Mike Shenk’s Wall Street Journal contest crossword, “Two by Two”—Laura’s review
I’m back from Lollapuzzoola where I hung out with many fine folks from our puzzling subculture. (If you missed the fun, get the puzzles to solve at home!) Thanks Jim P. for ably steering the metaship in my absence.
This week we’re looking for an animal. I like animals! Right after Lolla I went on a family road trip and I still cannot figure out what compels people to announce, when you are driving down the road, that there are cows outstanding in the fields on either side of said road. “Cows!” Indeed.

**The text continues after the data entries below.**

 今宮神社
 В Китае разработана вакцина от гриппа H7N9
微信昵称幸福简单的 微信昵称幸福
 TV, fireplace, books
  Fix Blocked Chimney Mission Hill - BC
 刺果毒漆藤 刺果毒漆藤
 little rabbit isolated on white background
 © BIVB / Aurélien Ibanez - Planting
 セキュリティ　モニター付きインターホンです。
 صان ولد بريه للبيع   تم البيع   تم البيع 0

There are, indeed, cows.
- [17a: Capital quantity]: SUM OF MONEY. I keep wanting to parse that as [Anti-capitalist statement from a Japanese wrestler?]: SUMO: F MONEY!
- [21a: Loitered]: HUNG AROUND
- [36a: School in Logan]: UTAH STATE
- [41a: Contract conditions]: FINE PRINT
- [50a: “Stranger Things” monster]: DEMOGORGON
- [60a: Opera that includes the aria “Sempre libera”]: LA TRAVIATA
Lest I get lost in the Upside Down, I gave myself a limited time to figure this one out at first, and it paid off with a mechanism that’s arguably a Week 1.5 on the Gaffney Scale. Since the themers don’t have any referential connection, let’s see what orthographic pattern we might find. Taking the title, “Two by Two,” as a hint, we can look for things that might conceivably be two by two — and lo, in the themers those things doth dwell:
SUM OF MONEY
HUNG AROUND
UTAH STATE
FINE PRINT
DEMOGORGON
LA TRAVIATA
Each themer has a repeated two-letter sequence — two by two, get it? — and taking those sequences all in order, we get MOUNTAIN GOAT, which is an animal and our answer.
On the topic of Mountain Goats, here’s a recent live performance of a song that has brought me comfort during some spectacularly (and recently!) shitty times.
So elegant that not only are there pairs of letters but they are together and in the right order for the answer. No anagramming required. Another marvelously clever offering.